Никто из нас не может.
Х. Арендт

В истории Европы есть темные страницы. Напоминать о них — проявление неполиткорректности. Утверждают, что мир стал другим. Такой довод приводится и тогда, когда речь заходит о Холокосте. Это не удивительно, ведь память о нем сопряжена с переживанием травмы и стремлением ее изжить. Под европейскими ценностями сегодня подразумевают гораздо более общие понятия. Однако это не означает, что памяти о Холокосте нет места в сознании современных европейцев. Большая работа ведется по ее сохранению. И все было бы хорошо, если бы наряду с ней в ряде стран не наблюдалась апелляция к наследию организаций, члены которых участвовали в геноциде. Поэтому трагические события прошлого надо осмыслять уже не только как мемориал, но и как зеркало, в котором отражается наша современность. Изучая это отражение, впору спросить: «Quo vadis, Европа?»

Не только помнить, но и знать

Тенденция забвения Холокоста – не только европейский феномен. Она выражается во многих фактах, но наиболее тревожный, пожалуй, заключается в фактически полном отсутствии актуальных работ, анализирующих Холокост как акт геноцидного насилия, сравнивающих его с другими преступлениями подобного рода, совершенными уже после Второй мировой войны. Люди помнят о Холокосте, но относятся к нему безучастно. Он уже стал музейным экспонатом, за посещение которого школьникам можно поставить зачет. Между тем нужно не только помнить, но и осознавать Холокост как правду, имеющую значение для сегодняшнего дня.

Единственный возможный путь – разрыв с «банальными» объяснениями преступлений нацистов и их пособников, отсылающими нас к «многовековому антисемитизму Европы», «послевоенному унижению Германии», «истокам тоталитаризма» и пр. Только анализ Холокоста на уровне биографий конкретных людей, т.е. на уровне памяти выживших, позволит понять, что эти свидетельства имеют непосредственное отношение к современности.

Люди помнят о Холокосте, но относятся к нему безучастно.
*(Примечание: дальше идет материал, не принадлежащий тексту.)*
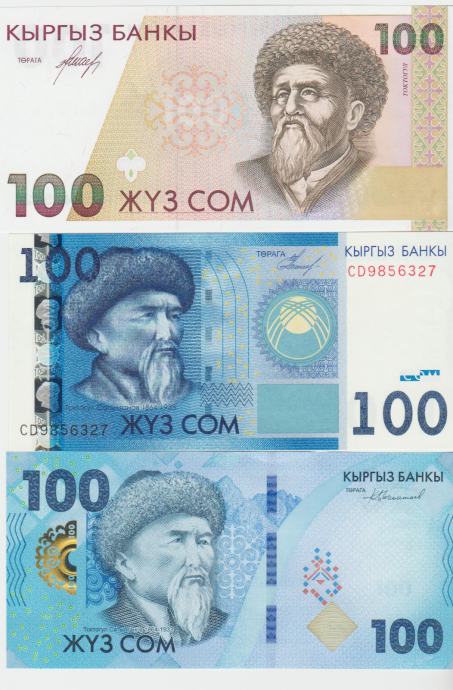 BANKOVEC 100-1994,2009,2023 SOM (KIRGIZIJA - KIRGISTAN) UNC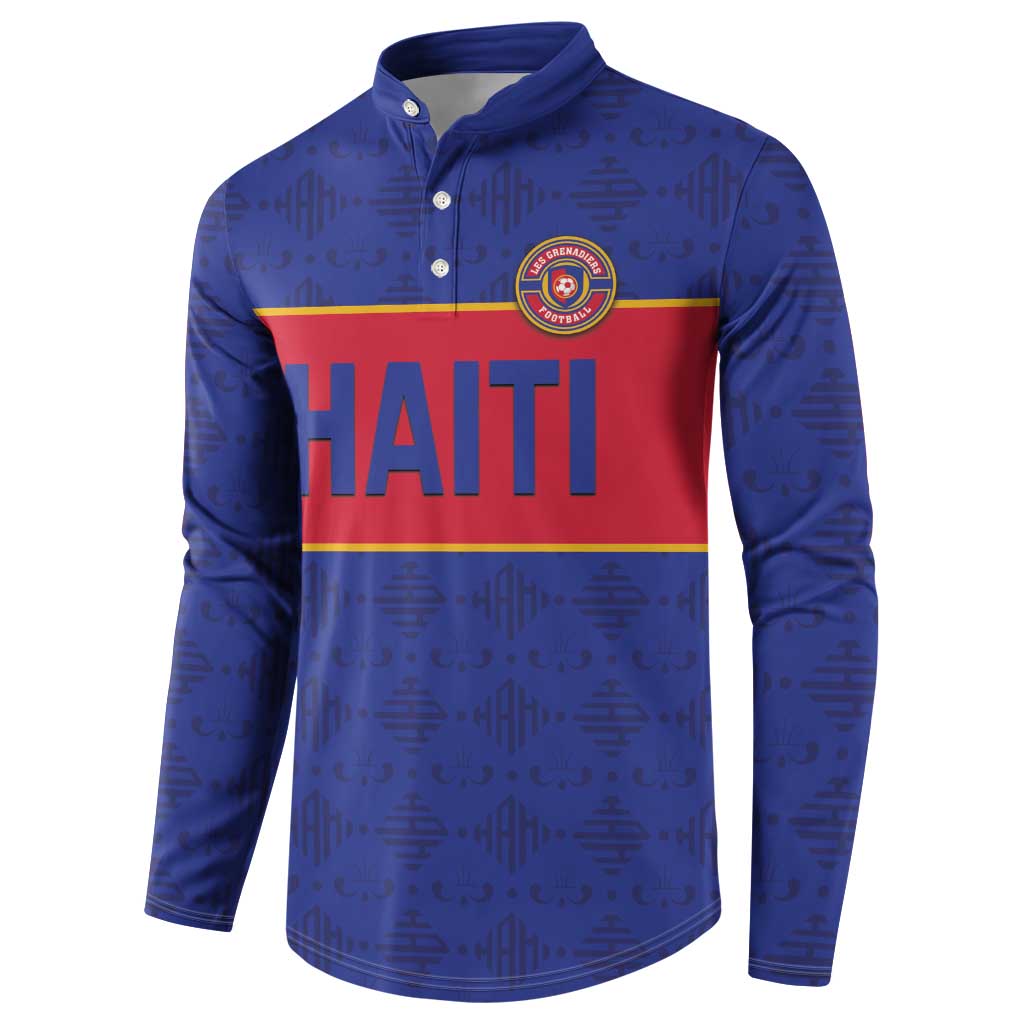 Custom Afro Haiti Football Button Sweatshirt Le Rouge et Bleu Sporty Style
Он уже стал музейным экспонатом, за посещение которого школьникам можно поставить зачет.

Речь идет о том, чтобы вынести проблематику Холокоста за узкие рамки истории Третьего рейха, сведя ее к истории людей, их поступков и мотивации и даже к истории одного футбольного матча между эсэсовцами и членами зондеркоманды [1]. Свидетельство о нем оставил П. Леви, один из выживших узников Освенцима. Стоит лишь на секунду представить, что «этот матч так и не закончился и, кажется, продолжается и в этот момент» [2] в каждой телевизионной трансляции, в каждой ежедневной нормальности, а мы, сами не зная как, присутствуем на нем, чтобы прийти к осознанию важности всего произошедшего в нацистских концлагерях. В итоге, «если мы не сможем понять этот матч и прекратить его, у нас не будет надежды» [3].
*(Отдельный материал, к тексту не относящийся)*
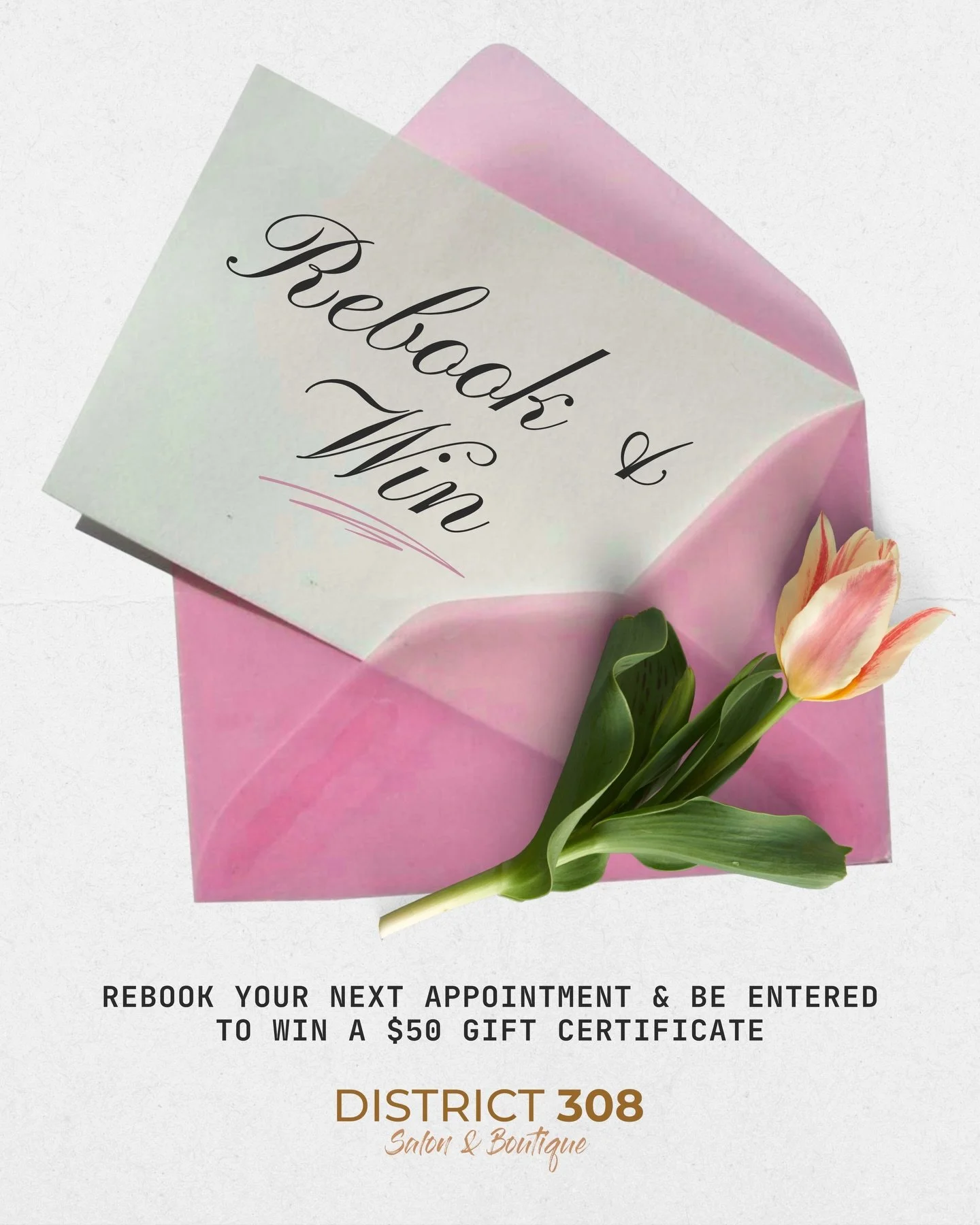 It&rsquo;s the last week for Rebook &amp; Win! At your appointment this month, be sure to rebook your next visit and we&rsquo;ll enter your name into our drawing to win a $50 salon gift certificate.

Planning ahead ensures you get the date and time t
С этой точки зрения обращают на себя внимание подходы, предложенные в недавно изданных на русском языке работах Д. Агамбена. Основное внимание в них уделяется именно свидетельствам выживших. В частности, представляет интерес его концепция «homo sacer» [4]. Фактически данный термин подразумевает человека, находящегося по тем или иным причинам в ситуации правового исключения, например, в пространстве концлагеря, где прекращено действие базовых прав и свобод. Это делает его беззащитным перед лицом властного произвола, а в угнетателях вызывает не чувство вины, а, напротив, ощущение безнаказанности. Термин «sacer» обозначает, прежде всего, жизнь, которая в любой момент может быть абсолютно безнаказанно отобрана, став объектом насилия [5].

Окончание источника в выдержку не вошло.